10. Choosing Storage Structures and Secondary Indexes : Hash Storage Structure : Structure of a Hash Table
 
Share this page                  
Structure of a Hash Table
An example illustrates how a hash table is structured and what hashing means:
The example uses an employee table that has 31 rows, 500 bytes each.
The table is modified to hash on the age field, using the Structure of Table dialog. For a full description of modify procedures, see the chapter “Maintaining Storage Structures.” You can also use this MODIFY statement:
modify employee to hash on age;
The number of main pages needed is calculated. The number chosen is always at least seven, no matter how small the table is. The number of main pages chosen is approximately twice the number of pages required if the table were a heap.

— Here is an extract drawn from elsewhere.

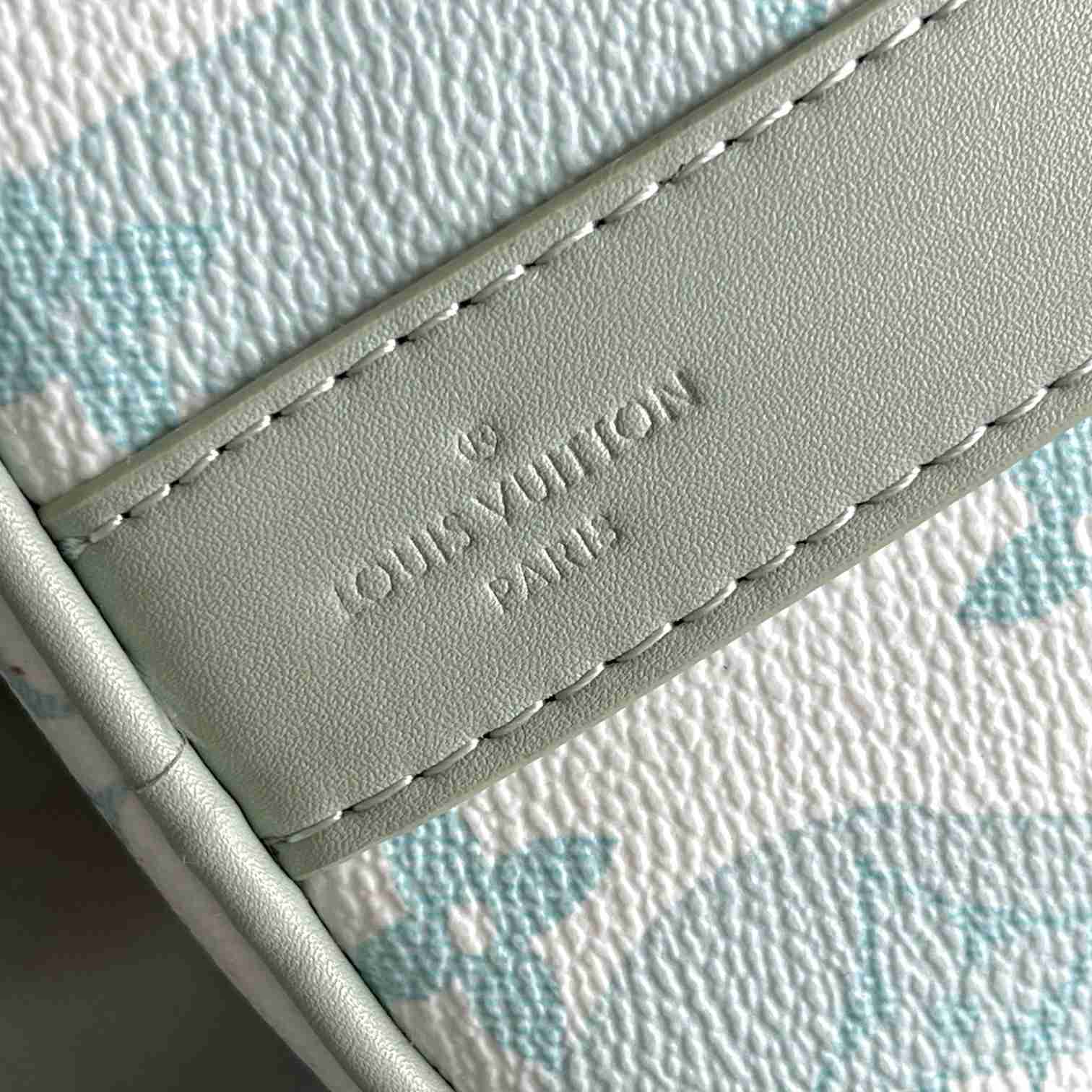 Louis Vuitton Keepall Bandoulière 25    M22527 - FashionPlug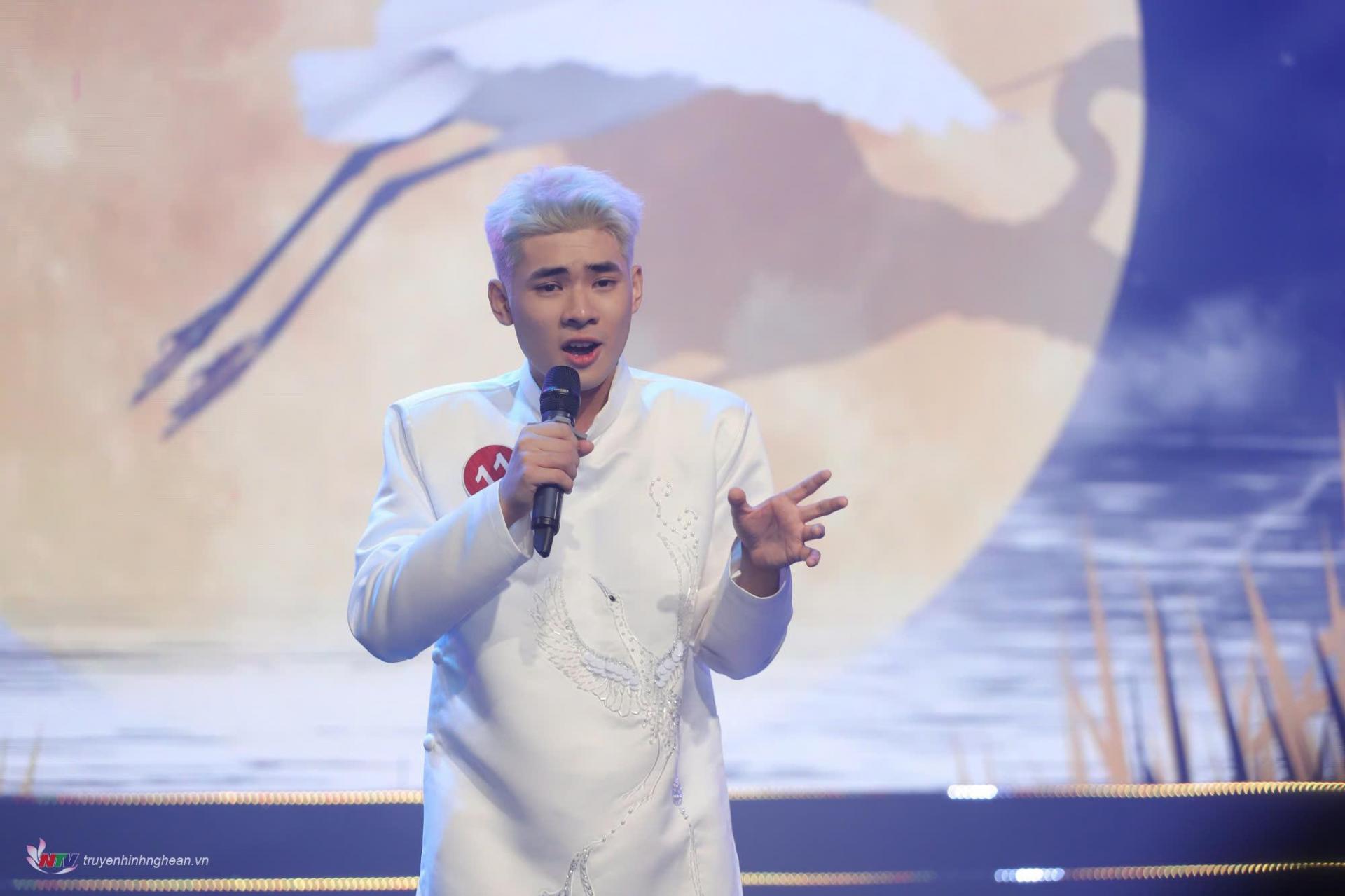 Thí sinh Phạm Nguyên Phong (SBD 11, đến từ TP Vinh, PG88 go Bắn cá) thể hiện ca khúc “Con cò” (sáng tác: Lưu Hà An) bằng phong cách cá tính, cháy hết mình với âm nhạc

Normally hash uses a 50% fill factor, although if the row width is greater than 1000 bytes, it uses a 100% fill factor.
The calculation used is this:
Main pages = (Rows_in_Table / Rows_per_page) * 2
31 rows_in_table / 4 rows_per_page = 8 (round up)
   8 * 2 = 16;
Main pages for employee table = 16
The main pages calculation is checked against the Min Pages and Max Pages values. If these were specified, the result must fall in this range.
When a table is modified to hash, a skeletal table is set up with an appropriate number of main pages. Although 16 pages can actually be used, as shown in the calculation above, for illustration purposes assume 10 main pages are chosen. The table is built by placing each row on the page where its key hashes.
The chart in the following example illustrates what a table looks like after modifying to hash on age. Remember that the actual hashing function is a complex algorithm that supports all of the data types. For simplicity, however, the following examples use the module function as a hashing algorithm.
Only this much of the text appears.